Across the pond, BioMarin has yet to file Roctavian with the FDA. Back in June, the company delayed plans to resubmit its application until September. It explained that the FDA had requested additional information.

Still, BioMarin’s EU approval is nothing short of an “epic accomplishment,” Evercore ISI analysts wrote in a note to clients Thursday. They flagged the fact that short-acting factor replacement formed the backbone of hemophilia A care less than 10 years ago.

Roctavian’s net price in Europe will clock in at around 1.5 million euros, the Evercore team said, citing comments made by BioMarin on a recent conference call.

Across the bloc, the company is targeting some 3,200 patients based on Roctavian’s label, which also excludes those who test positive for antibodies to the adeno-associated virus serotype 5, which serves as the vector for the gene therapy.

That said, Roctavian could over time grow its label and cover more of the EU’s severe hemophilia A population of about 8,000, the analysts said.

To start, BioMarin will launch in Germany, where the company expects to begin commercial dosing in the fourth quarter. The company could be looking at about 600 to 700 eligible patients early on, “with some initial pent-up demand,” the Evercore team added.

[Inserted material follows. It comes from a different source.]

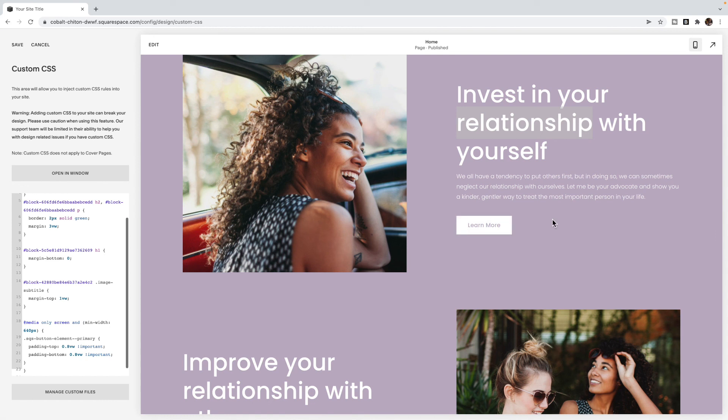If you've liked this tutorial, make sure you like and subscribe to my YouTube channel. Or if you are on my blog, make sure you sign up for the freebie in the footer. So you can be notified when another tutorial is posted. Until then, that is how you add or remove spacing anywhere on your Squarespace website.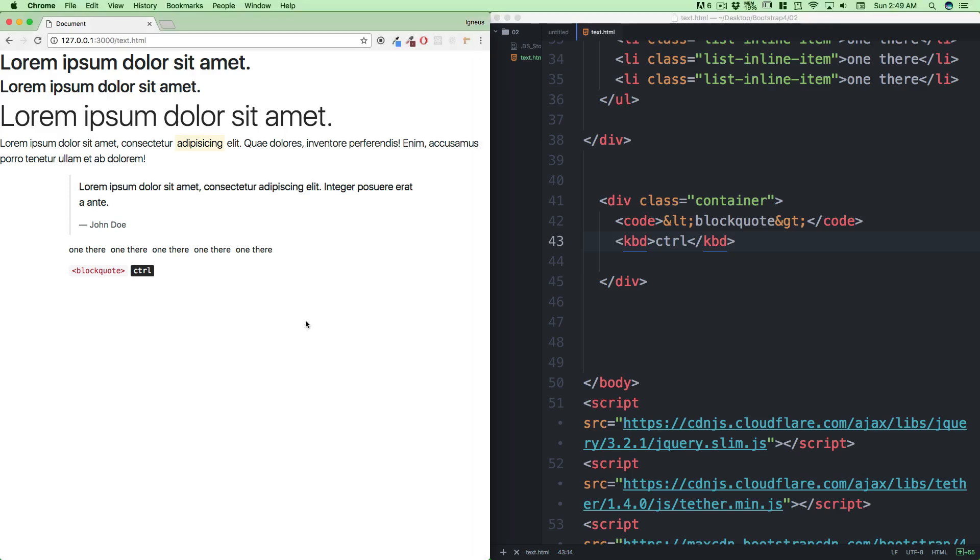This is all the fun stuff you can do with Bootstrap using typography. I would say this is the only thing you need. Yes, there are hundreds of things maybe still remaining, but you don't need everything to learn. There are a lot of things you learn on the go, and obviously that on-the-go will be covered in the project. This is it. Practice it, and I'll catch you up in the next video.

From there, Roctavian will make its way to France, where it could pick up another 500 to 600 patients, before stopping over in Italy and Spain, then other EU countries, and, finally, the Middle East.

The Evercore team figures it’s reasonable to assume Roctavian could pull down sales of $21 million this year. Next year’s forecast of $260 million is “also doable,” the team noted.

With Roctavian, BioMarin will be attempting to succeed where bluebird bio's beta thalassemia gene therapy Zynteglo fell short. After bluebird and national reimbursement authorities in Europe reached a stalemate over fair gene therapy pricing, the company last summer said it would “wind down” its operations in Europe to focus on business in the U.S. Zynteglo launched in Europe at a price of $1.8 million.

As for Roctavian, the EU approved BioMarin's gene therapy based on several studies that included up to five years of patient follow-up.

Back in 2020, the FDA surprisingly turned down Roctavian, demanding longer, two-year annualized bleeding rate data from a phase 3 clinical trial. BioMarin shared those data in January and at that time laid out a plan to knock on the FDA’s doors again in the second quarter.

Nevertheless, BioMarin has cause to feel emboldened after Wednesday’s approval. Stateside, BioMarin confirmed it continues to target September for the resubmission of its Roctavian FDA application.

In addition to the standard six months of review time that follows the filing of a biologics license application, BioMarin expects the U.S. regulator may need “three additional months” thanks to the number of data readouts expected to surface during the review period.